**WHAT THE EXERCISE ASKS:** Repeat exactly, and only, the lines of the entries below from the one with "White Travel Jewellery Case" through the one with "jacket, concept art, anime, pixel", both ends included.

**DATA FOR THIS TASK:**
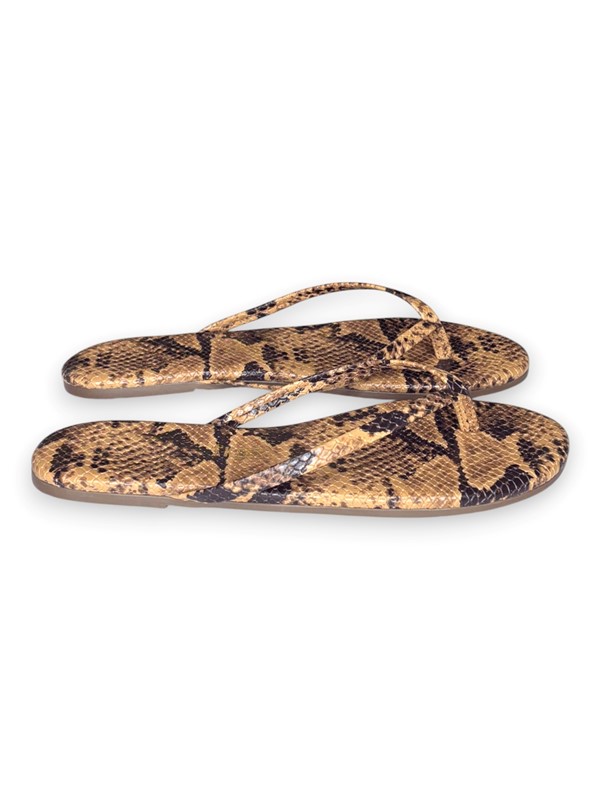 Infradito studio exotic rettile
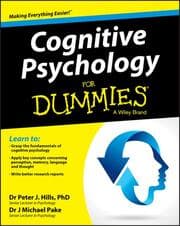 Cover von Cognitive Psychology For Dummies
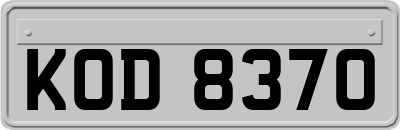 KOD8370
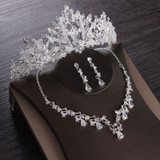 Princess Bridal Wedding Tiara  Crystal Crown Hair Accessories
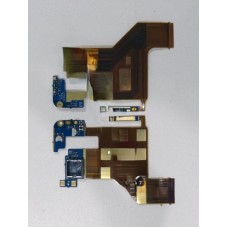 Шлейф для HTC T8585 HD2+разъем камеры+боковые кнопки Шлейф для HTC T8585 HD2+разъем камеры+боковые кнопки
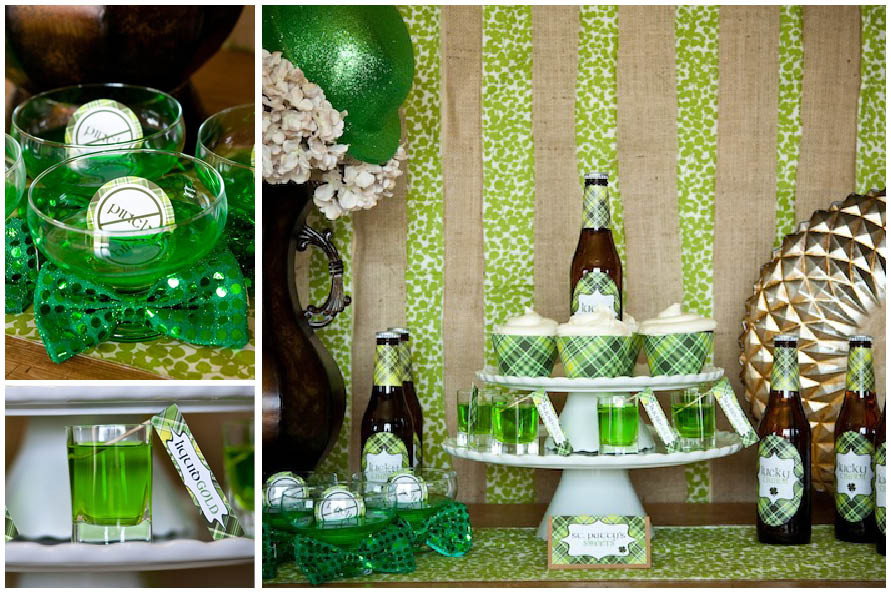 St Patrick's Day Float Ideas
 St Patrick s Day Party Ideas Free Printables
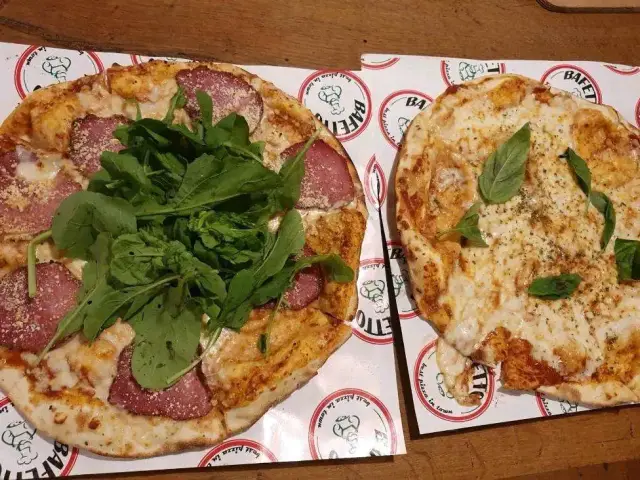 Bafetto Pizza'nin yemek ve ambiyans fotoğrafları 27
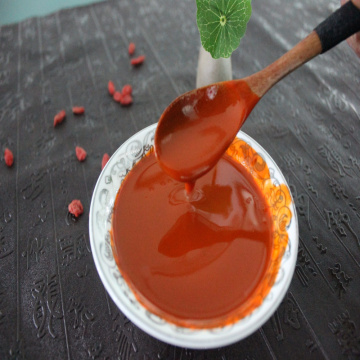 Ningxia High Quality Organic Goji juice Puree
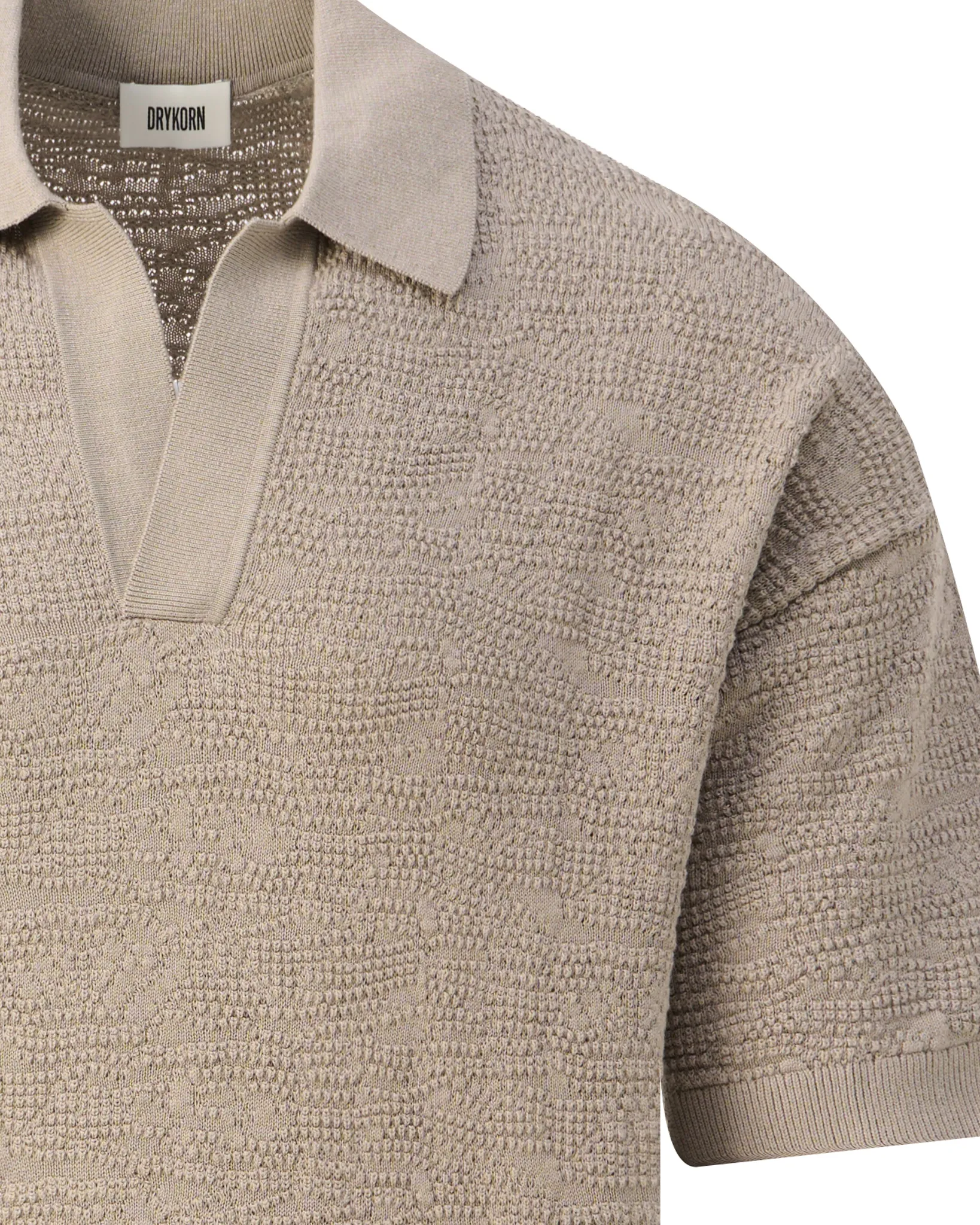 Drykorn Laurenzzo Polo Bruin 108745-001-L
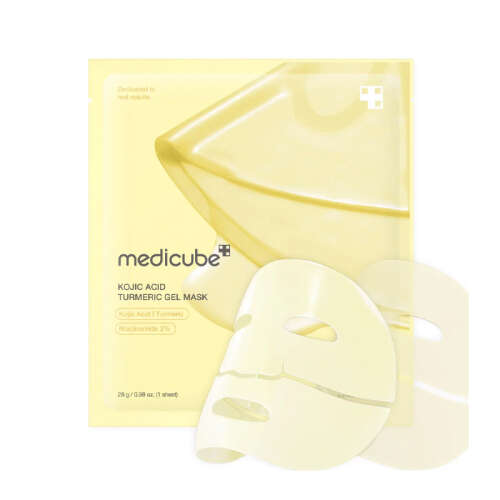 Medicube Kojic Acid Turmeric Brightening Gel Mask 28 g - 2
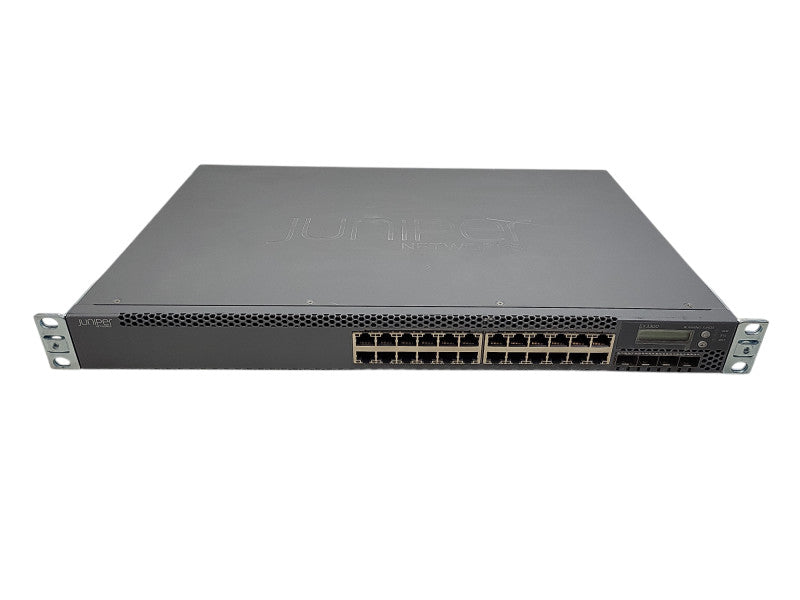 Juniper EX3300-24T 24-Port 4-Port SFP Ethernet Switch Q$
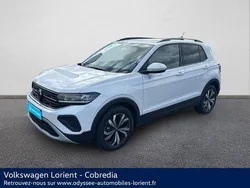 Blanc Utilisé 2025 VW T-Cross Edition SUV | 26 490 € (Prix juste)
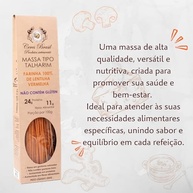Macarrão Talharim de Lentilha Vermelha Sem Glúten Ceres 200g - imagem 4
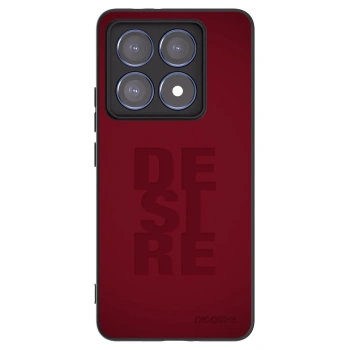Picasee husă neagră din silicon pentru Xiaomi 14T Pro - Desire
--
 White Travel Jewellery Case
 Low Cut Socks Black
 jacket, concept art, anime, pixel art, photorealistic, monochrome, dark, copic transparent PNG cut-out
* * *
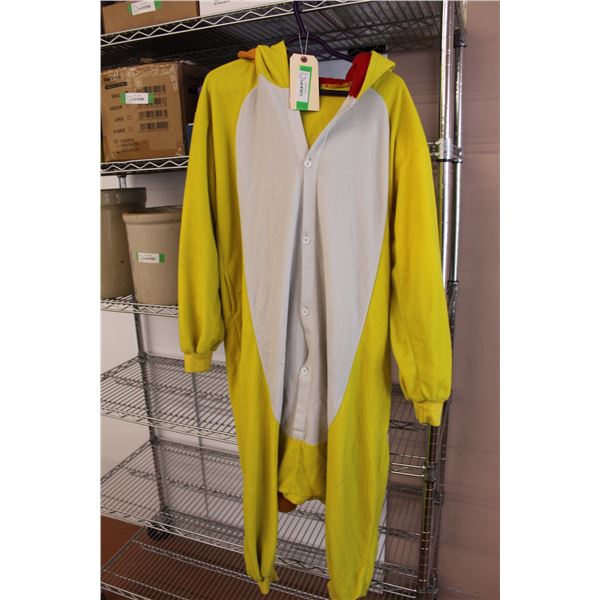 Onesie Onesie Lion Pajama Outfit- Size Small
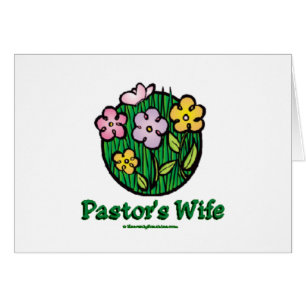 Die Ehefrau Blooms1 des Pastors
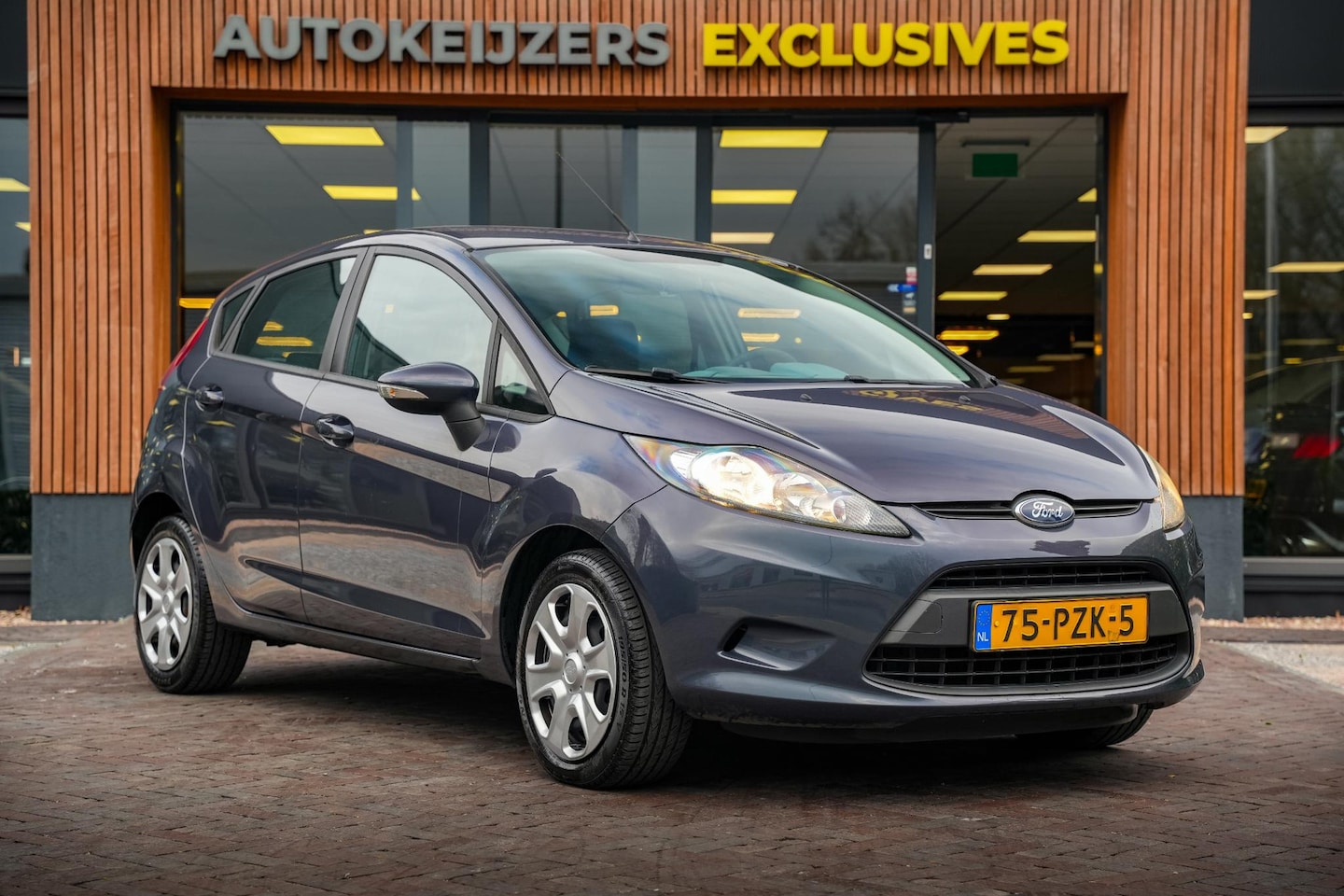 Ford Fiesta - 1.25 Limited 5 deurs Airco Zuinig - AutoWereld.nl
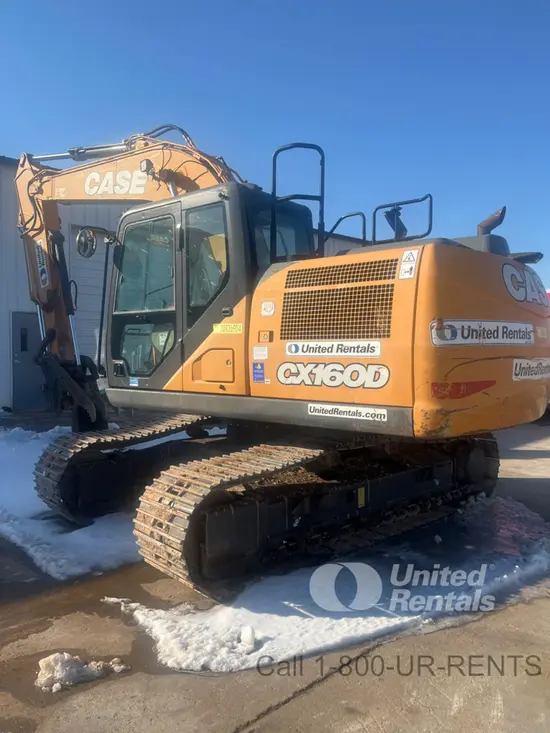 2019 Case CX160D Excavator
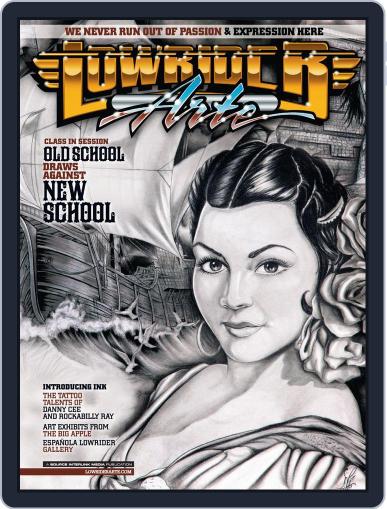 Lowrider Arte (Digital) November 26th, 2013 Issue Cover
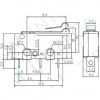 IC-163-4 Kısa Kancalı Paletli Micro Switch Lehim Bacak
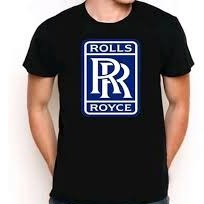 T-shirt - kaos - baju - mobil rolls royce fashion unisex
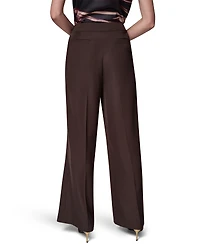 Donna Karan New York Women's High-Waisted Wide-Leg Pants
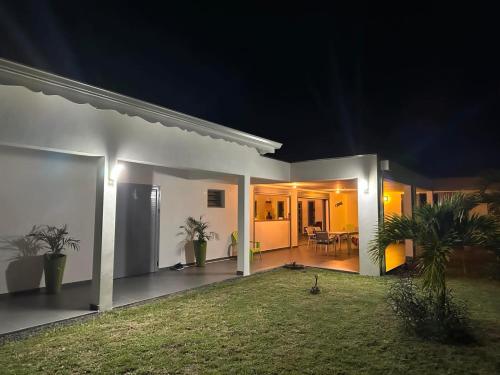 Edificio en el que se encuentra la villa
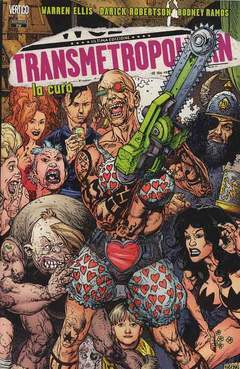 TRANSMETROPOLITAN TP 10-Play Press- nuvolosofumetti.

**RESPONSE BOX:**
 White Travel Jewellery Case
 Low Cut Socks Black
 jacket, concept art, anime, pixel art, photorealistic, monochrome, dark, copic transparent PNG cut-out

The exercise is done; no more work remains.